Speaking to "my community," she said, "I understand how much this day means to you. I can feel your excitement and your joy, but I can also feel your apprehension. . . . I will gladly carry you forward, but today is simply one step for the tomorrow of greater justice."
Parker, 53, said she often is asked to compare Houston to other cities, but that the only city to which she could compare it was "the Houston in my imagination." That city, she said, was a city of neighborhoods "where the police are known and recognized, and they in turn know the neighborhood, and we are all safer. . a city where mass transit really works. . . a city with clean and safe air. . . a city safe from the ravages of flood water. . . a city where the high school drop-out rate is insignificant."

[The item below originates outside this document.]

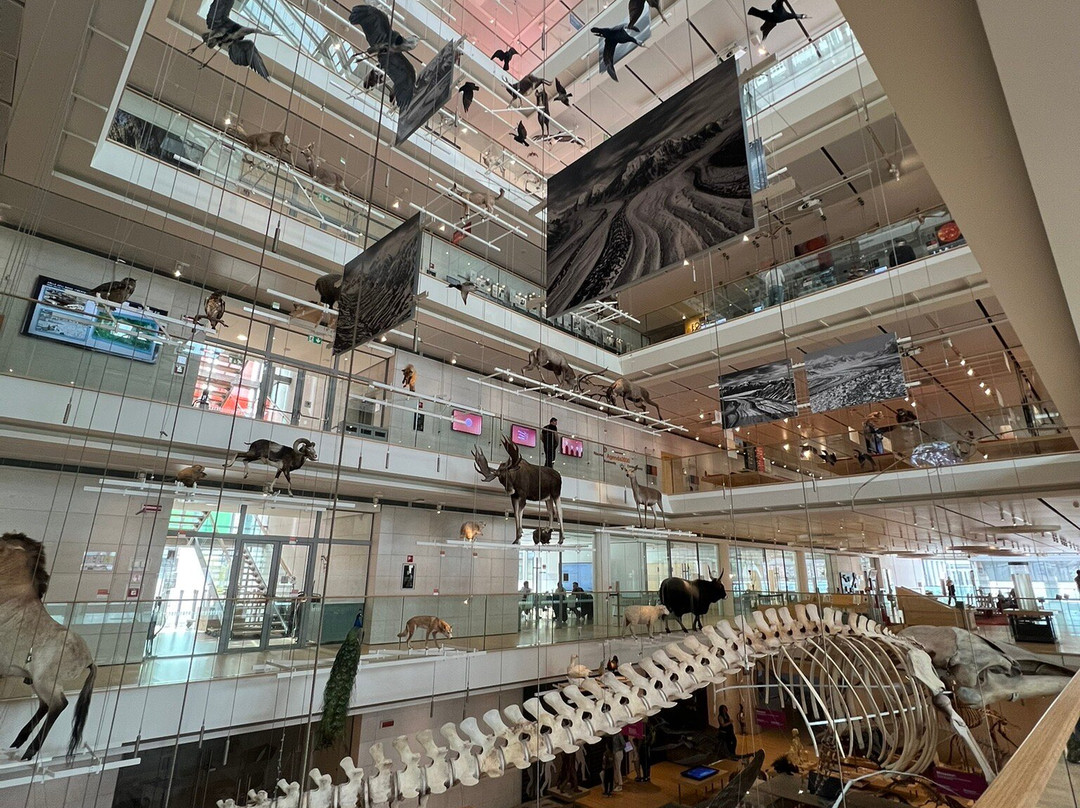 MUSE - Science Museum-特伦托必去景点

As her first official act as Mayor, Parker will swear in the 14 members of Houston City Council. This evening, a free concert, scheduled from 6 to 9 p.m. January 4, at Discovery Green will begin with Latin favorite Mango Punch and end with chart-topper Jennifer Holliday from the original Broadway version of Dream Girls. In the middle will be an over-the- top soul revue featuring:
• Archie Bell, whose #1 hit Tighten Up got the whole country "dancing just as good as they could walk" back in 1968.
• Roy Head, Texas legend of blue-eyed soul, who took Treat Her Right, recorded in the shadow of downtown, to #2 on the pop charts.
• Yvonne Washington, a soulful songstress who has been a part of generations of celebrations across the city.